Premier d'une série d'extraits des sessions «Relever le défi», l'article suivant est tiré de celle intitulée «Comment garantir qu'un problème de remboursement ne devienne pas une crise». Toutes les sessions ont été enregistrées, et sont disponibles sur cassettes (bon de commande).

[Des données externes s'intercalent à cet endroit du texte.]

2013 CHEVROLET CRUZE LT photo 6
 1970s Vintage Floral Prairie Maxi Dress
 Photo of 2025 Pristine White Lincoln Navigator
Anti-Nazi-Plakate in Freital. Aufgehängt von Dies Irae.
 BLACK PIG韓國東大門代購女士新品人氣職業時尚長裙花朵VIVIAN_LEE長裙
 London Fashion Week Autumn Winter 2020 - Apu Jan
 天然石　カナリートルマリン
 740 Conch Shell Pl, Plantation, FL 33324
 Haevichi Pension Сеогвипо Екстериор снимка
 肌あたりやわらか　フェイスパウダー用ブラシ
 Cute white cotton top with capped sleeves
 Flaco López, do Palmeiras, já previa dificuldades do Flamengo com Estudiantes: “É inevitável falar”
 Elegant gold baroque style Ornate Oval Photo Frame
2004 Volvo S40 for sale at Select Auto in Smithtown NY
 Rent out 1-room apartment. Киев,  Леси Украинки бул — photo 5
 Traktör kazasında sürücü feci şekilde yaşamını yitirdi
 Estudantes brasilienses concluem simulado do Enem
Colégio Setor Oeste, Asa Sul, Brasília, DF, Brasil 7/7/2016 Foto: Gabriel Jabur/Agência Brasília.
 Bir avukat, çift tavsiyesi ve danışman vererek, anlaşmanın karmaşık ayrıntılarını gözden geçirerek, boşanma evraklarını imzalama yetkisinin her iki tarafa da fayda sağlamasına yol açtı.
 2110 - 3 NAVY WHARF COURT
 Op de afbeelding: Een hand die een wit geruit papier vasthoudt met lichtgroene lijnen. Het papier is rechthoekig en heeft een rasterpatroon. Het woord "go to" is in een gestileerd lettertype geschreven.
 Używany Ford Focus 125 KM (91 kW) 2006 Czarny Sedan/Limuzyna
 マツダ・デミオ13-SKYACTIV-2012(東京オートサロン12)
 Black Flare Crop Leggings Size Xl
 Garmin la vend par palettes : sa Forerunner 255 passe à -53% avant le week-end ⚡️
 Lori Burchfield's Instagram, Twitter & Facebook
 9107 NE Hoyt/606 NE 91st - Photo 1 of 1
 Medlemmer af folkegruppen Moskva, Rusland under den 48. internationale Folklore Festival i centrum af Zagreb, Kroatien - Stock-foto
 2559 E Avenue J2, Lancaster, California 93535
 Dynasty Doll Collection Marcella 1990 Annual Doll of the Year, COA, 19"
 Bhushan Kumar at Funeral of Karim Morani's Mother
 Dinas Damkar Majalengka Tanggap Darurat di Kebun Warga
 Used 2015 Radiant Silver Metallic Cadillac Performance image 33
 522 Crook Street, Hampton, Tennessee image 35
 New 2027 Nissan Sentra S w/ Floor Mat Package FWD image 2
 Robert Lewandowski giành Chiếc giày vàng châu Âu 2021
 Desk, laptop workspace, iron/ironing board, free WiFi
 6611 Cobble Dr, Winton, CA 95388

Barbara Calvin, Directrice, CALMEADOW
Calmeadow, organisation à but non-lucratif canadienne se spécialisant dans la microfinance, gère deux fonds d'emprunt au Canada et propose des services internationaux de consultation aux programmes de microcrédit. Dans l'article suivant, Barbara Calvin analyse comment CALMEADOW a aidé la Get Ahead Foundation en Afrique du Sud à se sortir de sa crise de non-remboursements.
En 1987, la Get Ahead Foundation a mis en place pour la première fois son programme de prêts aux groupes de solidarité en Afrique du Sud. Le programme a bien fonctionné pendant trois ans. Mais, dès 1990, à la suite d'un changement dans la direction, la méthodologie des prêts aux groupes de solidarité a commencé à s'effriter... Début 1991, leur bailleur de fonds principal, l'USAID, a fait pression et a prôné la croissance. Puisqu'ils n'atteignaient pas le nombre d'emprunteurs stipulé dans l'accord signé avec le bailleur de fonds, le nouveau responsable des opérations a essayé d'encourager la croissance en ordonnant aux succursales de «débourser».
La méthodologie s'étant trop affaiblie, la croissance des prêts n'a pas été de bonne qualité. A la fin de l'année, ils sont passés de 3 000 à 8 000 clients, mais beaucoup de ces nouveaux clients avaient des comptes arriérés. Au début de 1992, le refrain a changé: les succursales ont alors dû arrêter de débourser et se faire rembourser leurs prêts. Vous pouvez donc imaginer ce qu'il s'est passé.
En 1993, 70 % du portefeuille constituaient des arriérés, 50 % desquels ont dû être provisionnés .... A la fin de l'année, il ne restait plus que 1 800 bons clients actifs. C'est à ce moment là qu'ils ont fait appel à Calmeadow pour essayer de renverser la situation. Juste avant notre première visite, la direction venait de changer, et ce changement a été très important puisque cette nouvelle équipe était disposée à essayer des nouvelles approches. Nous avons commencé par supposer qu'en fait une mauvaise gestion, et non les clients ou l'environnement, était à la source des problèmes de remboursement.
Nous avons aussi supposé qu'il existait deux cas de figure: soit les clients n'appréciaient pas le produit - l'accès à long terme au crédit ne les intéressait pas parce que le service à la clientèle était si mauvais; soit ils appréciaient le produit mais l'organisation, par le biais de sa politique, n'indiquait pas assez clairement l'importance du remboursement. D'une façon ou d'une autre, la gestion des comptes arriérés était médiocre. Ils ne mettaient pas les politiques de remboursement en vigueur.
Afin de mieux comprendre ce qu'il s'est passé, nous avons pris les trois mesures suivantes: nous avons eu des entretiens avec les membres du personnel de tous les niveaux; nous avons fait des recherches sur les clients; et, nous avons mis par écrit toutes les politiques et procédures. Ce que nous avons découvert correspondait bien à ce dont nous nous attendions...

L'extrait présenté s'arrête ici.